MATCH (description,tags) AGAINST ("'.urldecode($_GET['tags']).'")

But the problems with the results I have are: There is no result when i search for 'lorem', but there is one when I add IN BOOLEAN MODE to the query. The 'Lorem' is actually in the description column. Searching keywords in the tags column don't have that problem. And even more interesting/annoying when I search for 'moree', which is also in the description table, I get results with and without the boolean mode...

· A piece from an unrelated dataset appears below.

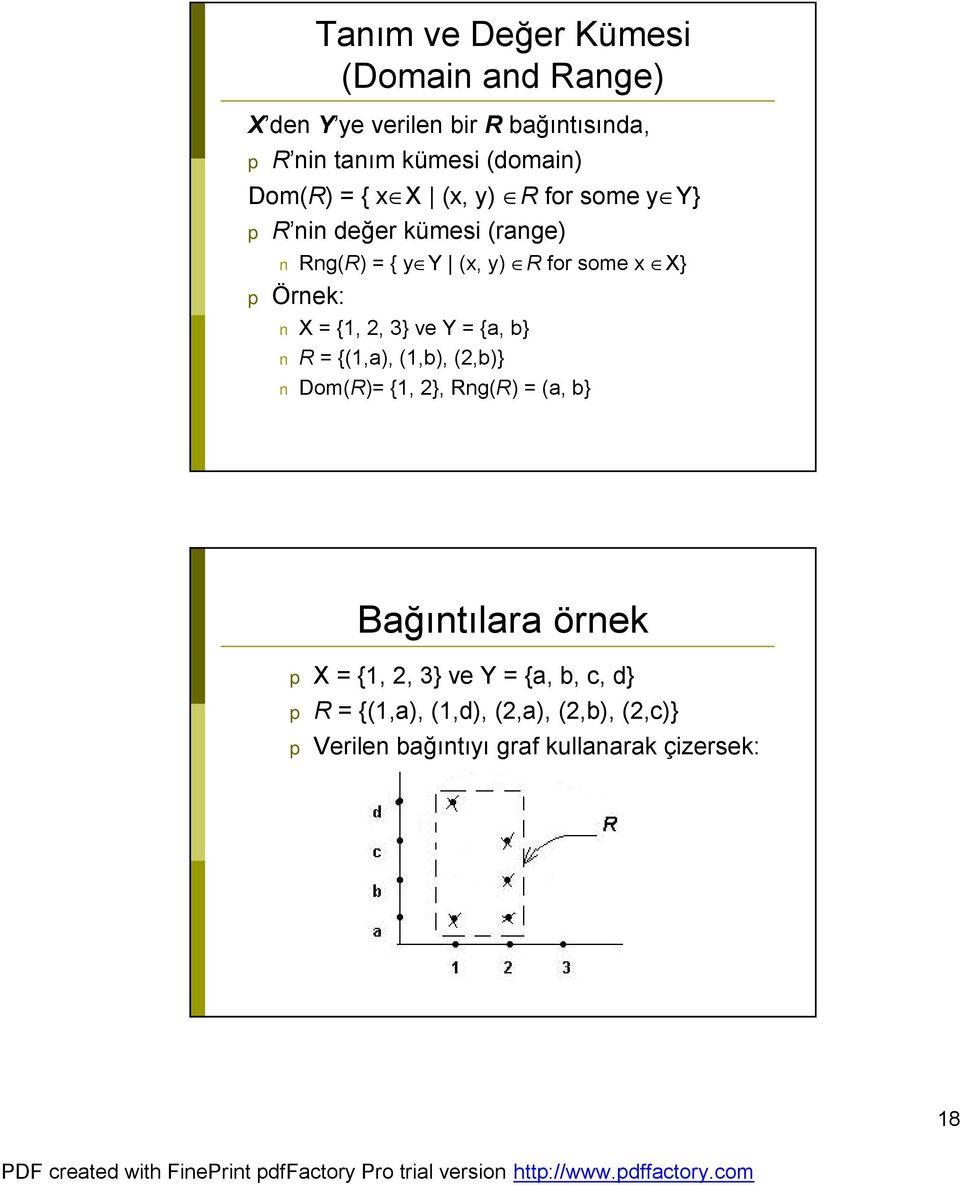 Örnek: X = {, 2, 3} ve Y = {a, b} R = {(,a), (,b), (2,b)} Dom(R)= {, 2}, Rng(R) = (a, b} Bağıntılara örnek p X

What is the problem here? I don't see it.

Update

if ( $upload_display_sort == 'popular' )//sort by popularity

$query =    //select 'u' (a new defined variable?)
            'SELECT u.* '.
            //from the following table
            'FROM '.
            //uploads table as variable u
            'uploads u '.
            //join the following table
            'LEFT OUTER JOIN '.
            //select the column upload_id, count all columns into variable 'num' ???
            '(SELECT upload_id, COUNT(*) AS num '.
            //from the favorites table as variable f
            'FROM favorites f '.
            //and group it by the upload_id in the favorites table
            'GROUP BY upload_id) '.
            //what does this do? combine rows where the u.id == f.upload_id ???
            'f ON u.id = f.upload_id';

else $query = 'SELECT * FROM uploads';//select all from uploads



$query .=   ' WHERE online_state = 1';//select all online uploads



//FILTER FAVORITES

if  ($upload_display_sort == 'favorites' and !empty($favorites_ids))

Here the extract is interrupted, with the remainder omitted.